4. Bij het bestreden besluit heeft verweerder de bezwaren van eiser, in afwijking van het advies van de Centrale Bezwaarschriften- en Klachtencommissie (CBC) van
5 december 2016, en onder verwijzing naar het contra-advies van het hoofd van de afdeling Personeel, Organisatie en Informatiebeleid (POI) van 9 februari 2017, ongegrond verklaard. Eiser heeft tegen het bestreden besluit beroep ingesteld. Tevens heeft eiser de voorzieningenrechter verzocht om een voorlopige voorziening te treffen. De voorzieningenrechter van deze rechtbank heeft bij uitspraak van 14 april 2017 eisers verzoek om voorlopige voorziening afgewezen. De voorzieningenrechter achtte voldoende aannemelijk dat eiser de aan hem onder 1 verweten gedraging heeft begaan. Aan een bespreking van de overige punten kwam de voorzieningenrechter niet toe. Verweerder had echter volgens de voorzieningenrechter nader onderzoek kunnen en wellicht moeten doen naar waarom het voorval pas na ruim een half jaar bekend werd. Verder had het volgens de voorzieningenrechter meer in de rede gelegen dat verweerder de stagiaires niet gezamenlijk maar apart had gehoord.
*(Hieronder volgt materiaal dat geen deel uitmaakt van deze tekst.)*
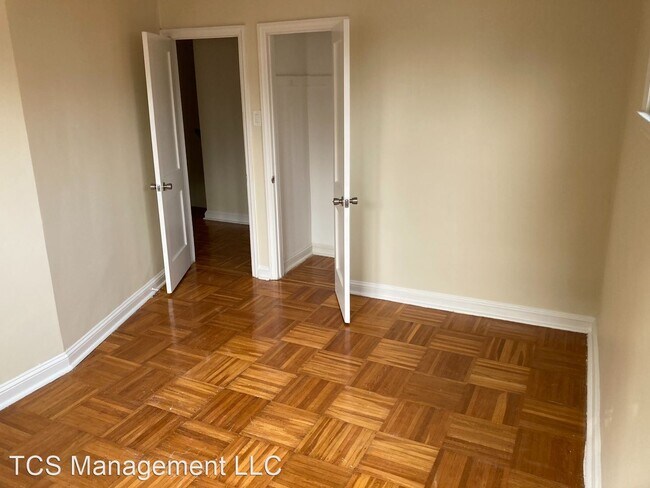Building Photo - 3 br, 2 bath House - 315 Barker Avenue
5. Eiser verwijst voor de gronden van beroep naar de gronden aangereikt bij het verzoek om voorlopige voorziening. Eiser voert aan dat de hem onder 1 verweten gedraging onwaarschijnlijk en onaannemelijk is. Hij ontkent dat er henneptoppen in het dumpafval aanwezig waren en dat hij deze in zijn zak heeft gestopt en daarbij gezegd heeft dat deze toppen voor zijn echtgenote waren. Eiser heeft wel aangegeven dat er pluisjes waren. Met de verklaringen van de stagiaires dient voorzichtig te worden omgegaan. Er dient op grond van meer objectieve gegevens te worden vastgesteld dat hij zich daadwerkelijk schuldig heeft gemaakt aan hetgeen hem verweten wordt. Eiser stelt zich verder op het standpunt dat hij zijn verklaringen niet heeft kunnen overzien vanwege de bij hem aanwezige medische problematiek. Eiser heeft hiertoe in beroep een overzicht overgelegd van zijn huisarts [naam arts]. Tevens heeft eiser in beroep een verklaring overgelegd van [naam 1] en [naam 2]. Deze verklaring ondersteunt volgens eiser zijn standpunt dat er geen henneptoppen aanwezig waren.
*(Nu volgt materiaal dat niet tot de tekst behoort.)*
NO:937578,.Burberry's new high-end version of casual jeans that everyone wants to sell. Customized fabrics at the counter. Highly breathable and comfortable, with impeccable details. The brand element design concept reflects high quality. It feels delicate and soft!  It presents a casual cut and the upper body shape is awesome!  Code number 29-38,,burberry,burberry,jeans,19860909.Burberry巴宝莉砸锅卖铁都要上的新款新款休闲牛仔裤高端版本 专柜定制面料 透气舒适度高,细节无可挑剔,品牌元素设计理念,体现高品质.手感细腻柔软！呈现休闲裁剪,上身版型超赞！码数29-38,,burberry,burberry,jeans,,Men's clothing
6. Verweerder heeft in beroep aanvullend onderzoek gedaan. Zo heeft verweerder (door het nieuwe Hoofd van de afdeling Openbare Orde en Veiligheid, [naam afdelingshoofd]) beide stagiaires alsmede [naam 3] en [naam 4] opnieuw gehoord en de bedrijfsarts gevraagd om eisers stelling en/of medische problematiek te beoordelen en hierover te berichten.
7. Bij de beoordeling is het navolgende wettelijk kader van belang.
Ingevolge artikel 8:13 van de CAR/UWO kan aan de ambtenaar als disciplinaire straf ongevraagd ontslag verleend worden.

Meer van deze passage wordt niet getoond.